Budleigh Longboat saga: appeal granted
PUBLISHED: 15:15 09 March 2013
Campaigners against the redevelopment of Budleigh’s Longboat Café are celebrating, after a judicial review of the scheme’s planning approval was granted by the High Court.
Calls for a review were initially rejected by the court last November, but it has now been granted on appeal.
A date has not yet been set for the full review, and it may not take place until the beginning of next year.
Campaigners against the plan say they are confident that when it takes place, East Devon District Council’s decision to approve the scheme will be quashed.
However, the council has downplayed the decision, saying it has no bearing on whether the full judicial review will be successful.

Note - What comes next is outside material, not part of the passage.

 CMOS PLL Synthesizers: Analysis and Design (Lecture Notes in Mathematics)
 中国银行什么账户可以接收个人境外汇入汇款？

EDDC planners first gave the green light for businessman Brent Hushon to build a modern two-storey café on the site in 2010, but this plan was scuppered when the council refused to sell him the neighbouring shelter, the site of which formed part of his plan.

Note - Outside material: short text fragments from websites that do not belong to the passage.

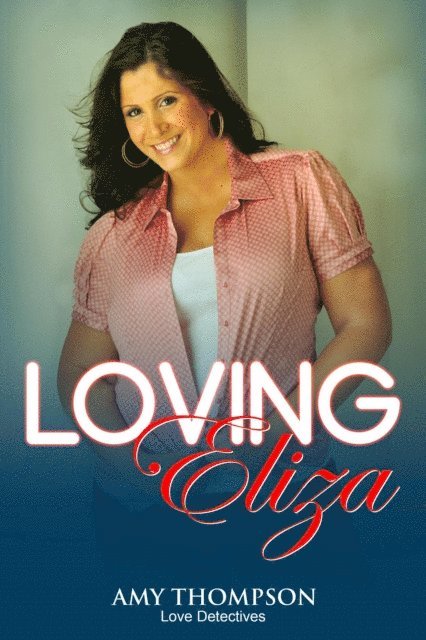 Amy Thompson - Loving Eliza, E-bok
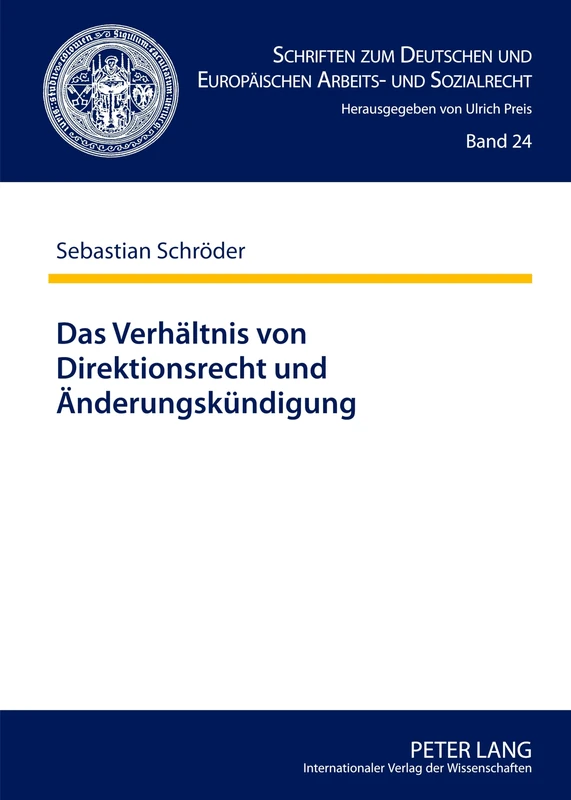 Das Verhaeltnis Von Direktionsrecht Und Aenderungskuendigung: 24 (Schriften Zum Deutschen Und Europaeischen Arbeits- Und Sozia)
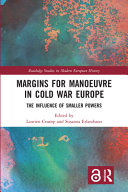Margins for manoeuvre in Cold War Europe : the influence of smaller powers /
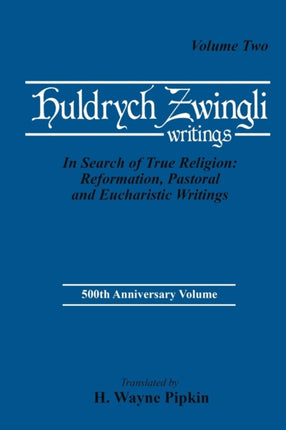 In Search of True Religion Reformation Pastoral and Eucharistic Writings 1213 Pittsburgh Theological Monographs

Mr Hushon then filed a plan for a smaller café, which was refused in February 2012, but a third application, submitted as an amendment to the 2010 plan, was approved last June.
Now, a full judicial review will be held into this decision, and campaigners opposing the destruction of the current building, which they say is a historic longboat house, are optimistic.

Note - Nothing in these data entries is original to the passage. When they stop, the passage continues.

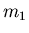 $m_{1}$
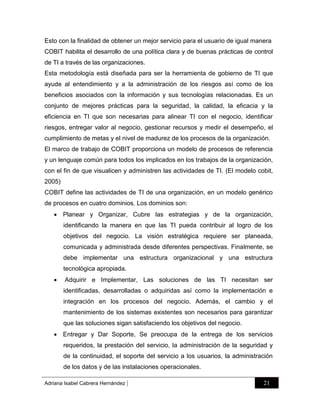 Esto con la finalidad de obtener un mejor servicio para el usuario de igual manera
COBIT habilita el desarrollo de una política clara y de buenas prácticas de control
de TI a través de las organizaciones.
Esta metodología está diseñada para ser la herramienta de gobierno de TI que
ayude al entendimiento y a la administración de los riesgos así como de los
beneficios asociados con la información y sus tecnologías relacionadas. Es un
conjunto de mejores prácticas para la seguridad, la calidad, la eficacia y la
eficiencia en TI que son necesarias para alinear TI con el negocio, identificar
riesgos, entregar valor al negocio, gestionar recursos y medir el desempeño, el
cumplimiento de metas y el nivel de madurez de los procesos de la organización.
El marco de trabajo de COBIT proporciona un modelo de procesos de referencia
y un lenguaje común para todos los implicados en los trabajos de la organización,
con el fin de que visualicen y administren las actividades de TI. (El modelo cobit,
2005)
COBIT define las actividades de TI de una organización, en un modelo genérico
de procesos en cuatro dominios. Los dominios son:
 Planear y Organizar, Cubre las estrategias y de la organización,
identificando la manera en que las TI pueda contribuir al logro de los
objetivos del negocio. La visión estratégica requiere ser planeada,
comunicada y administrada desde diferentes perspectivas. Finalmente, se
debe implementar una estructura organizacional y una estructura
tecnológica apropiada.


Adquirir e Implementar, Las soluciones de las TI necesitan ser
identificadas, desarrolladas o adquiridas así como la implementación e
integración en los procesos del negocio. Además, el cambio y el
mantenimiento de los sistemas existentes son necesarios para garantizar
que las soluciones sigan satisfaciendo los objetivos del negocio.

 Entregar y Dar Soporte, Se preocupa de la entrega de los servicios
requeridos, la prestación del servicio, la administración de la seguridad y
de la continuidad, el soporte del servicio a los usuarios, la administración
de los datos y de las instalaciones operacionales.
Adriana Isabel Cabrera Hernández

|

21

The Budleigh Salterton Longboat Association’s David Daniel said: “Association members are delighted with the result of the High Court hearing. This reverses an earlier decision, based on a paper review, where EDDC had successfully argued that our claim had been lodged out of time
“We have always contended that there was no legal basis for such a claim.
“It was an argument that drew attention away from the claims we make of significant errors in process.
“Our contention has now been upheld.
“We are confident and hopeful that EDDC’s June 2012 approval of the Longboat plans will be quashed.
“We must remember that a similar, previous, application was rejected in February 2012.”
A spokesman for EDDC said: “We note the decision of the court and we will defend the matter at the appropriate time.
“There will undoubtedly be a cost involved and this will ultimately be borne by the council tax payers of East Devon.
“It is too early to say what kind of amount might be involved.
“It is gratifying that the judge acknowledged that the council had used the correct procedure in the legislation for dealing with the application and only allowed the judicial review to proceed due to issues relating to how much weight was given to the previous consent granted in 2010 and a previous refusal in 2012.
“The fact that the judge has allowed this case to proceed has no bearing on whether or not the judicial review will be successful.
“It simply means that the judge considers that their case is arguable.”